Les mathématiques : un jeu ou une nécessité ?

Réciproques, Carte blanche à Alain OUSTALOUP
Professeur d’Automatique à l’ENSERB - Expert au Ministère et
Chargé de Mission à la Direction Générale du CNRS
n°5, mars 1998

 

D’un CAP d’électronique à une médaille d’argent du CNRS sans passer par le bac : voilà pour le moins un parcours atypique que je reconnais volontiers et que j’attribue en partie à une absence totale de planification, tant de ma scolarité que de ma carrière professionnelle. Il est vrai que ma seule volonté a toujours été de mener des recherches avec un souci constant d’apporter une contribution scientifique, certes modeste, mais clairement identifiable et en dehors des sentiers battus, pour ne pas dire en quadrature avec l’école de pensée dans laquelle j’étais immergé.

Aller ainsi du concret vers l’abstrait est sans doute une voie des plus réalistes qui, très tôt, m’a permis de considérer les mathématiques comme une nécessité absolue et pas seulement comme un exercice de style. Dans nos sciences dites « dures », elles constituent en effet le langage incontournable pour communiquer avec les objets. C’est dire que, dans le cadre de la formation, l’objet doit toujours être sous-jacent à leur enseignement. Mais les mathématiques ne doivent pas être limitées à la description des objets par des modèles ; elles doivent également permettre la résolution des représentations analytiques de ces modèles.
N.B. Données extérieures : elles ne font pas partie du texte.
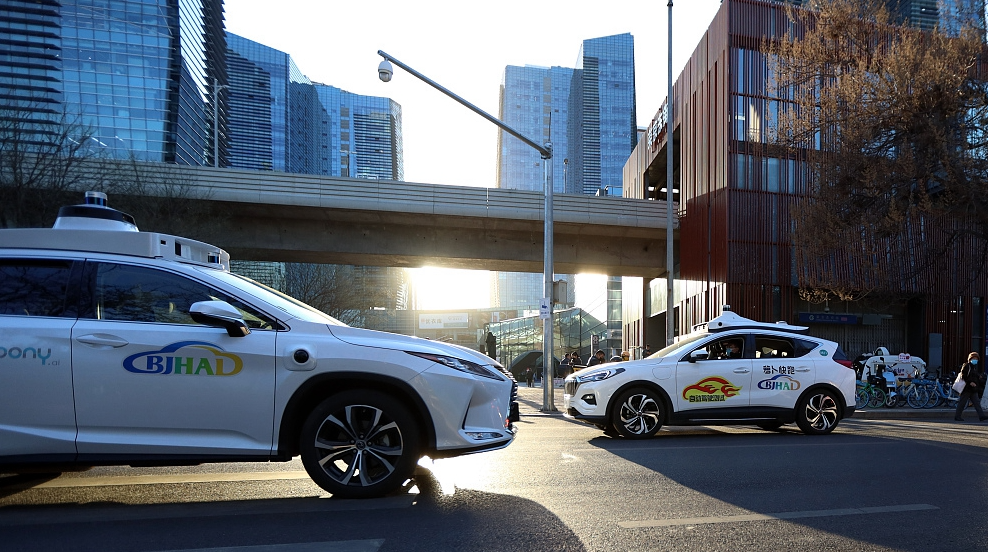 中國10多個(ge) 城市允許自動駕駛汽車商業(ye) 試驗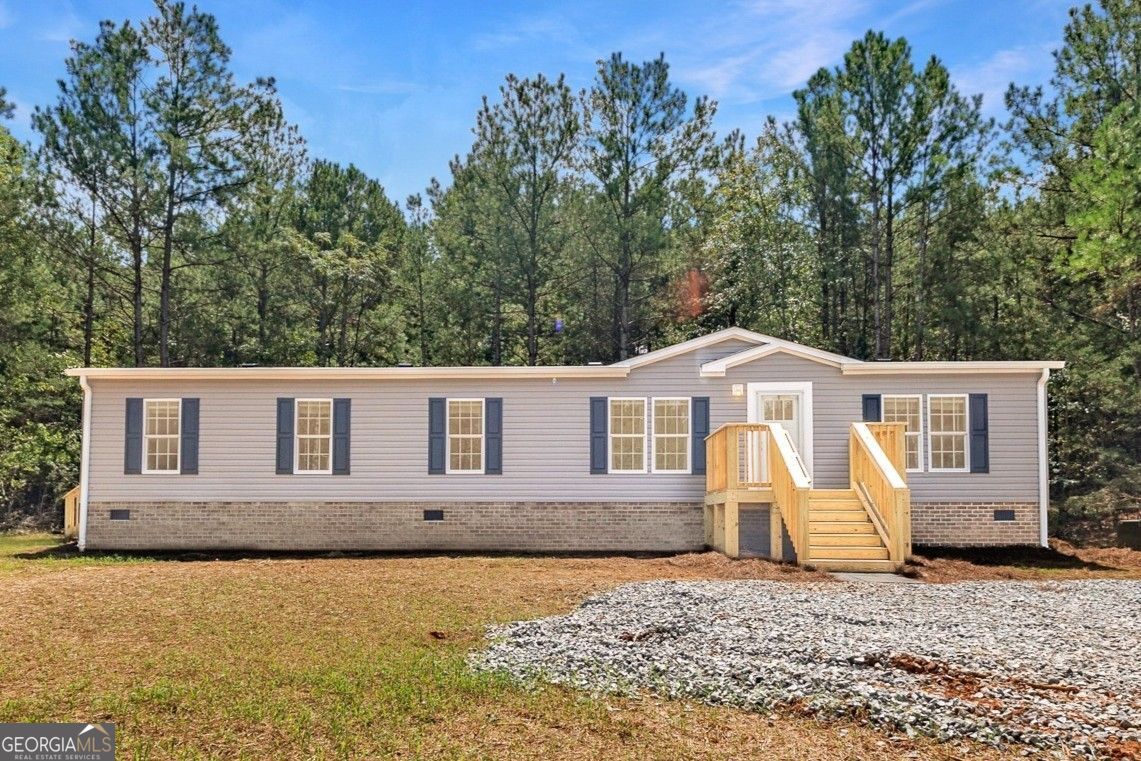 122 Hdr Dr — photo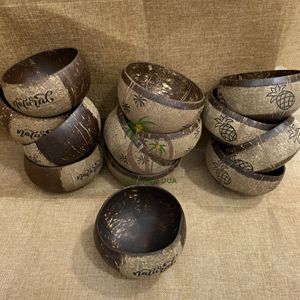 BOL EN COQUE DE NOIX DE COCO ET CUILLÈRE EN BOIS SET ACAI SMOOTHIE BOUDDHA BOL EN NOIX DE COCO FABRIQUÉ AU VIET NAM - Product Image 4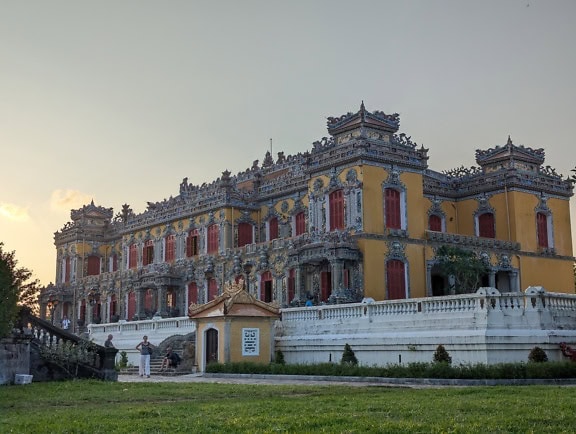 ลานของอาคารพระราชวัง Kien Trung ภายในเมืองจักรวรรดิเว้ ประเทศเวียดนาม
Par ailleurs, je voudrais souligner le respect qu’il convient d’accorder aux mathématiques anciennes (par opposition à celles dites modernes). Mes contributions se situent en effet dans le prolongement direct d’idées initialisées respectivement au début du 19ème siècle et au début du 20ème. Le souci d’assurer la continuité de l’ordre de dérivation remonte au début du 19ème siècle ; une telle continuité de l’ordre implique génériquement la notion de dérivation non entière. Celui d’assurer la continuité de la dimension d’espace remonte au début du 20ème siècle ; cette continuité de la dimension implique la notion de figure ou d’espace de dimension non entière ou, génériquement, de fractalité ou de fractale.
Si la fractalité relève de la géométrie alors que la dérivation non entière relève de la dynamique des systèmes, la seconde moitié de ce siècle révèle l’interdépendance fractalité-dérivation non entière.

Partant de l’hypothèse de fractalité de la porosité, nous avons montré dans les années 80 que la relaxation de l’eau sur une digue poreuse est régie par une équation différentielle linéaire d’ordre non entier compris entre 1 et 2, dont la solution dépend bien de la masse d’eau en mouvement, mais dont l’amortis-sement en est rigoureusement indépendant ; il est en effet exclusivement lié au degré de porosité de la digue, exprimant ainsi que le caractère désordonné détermine l’amortissement dans la nature. Un tel phéno-mène est plus général qu’il n’y paraît : il se manifeste également dans le cas de la relaxation de l’air, aussi bien dans un poumon que sur le feuillage d’un arbre.
Enfin nous avons cherché à valoriser l’approche conceptuelle ainsi définie en l’appliquant aux suspensions des véhicules. À cet effet nous avons conçu et réalisé la suspension CRONE qui équipe actuellement une Citroën BX.

Finalement, si les mathématiques proprement dites jouent un rôle important de par leur omniprésence, leur langage doit être adapté aux contraintes de l’environnement dont une prise en compte rationnelle exige, de la part des acteurs, un esprit d’ouverture, de l’intuition, de l’imagination et beaucoup de pugnacité pour aboutir à de véritables résultats directement transférables.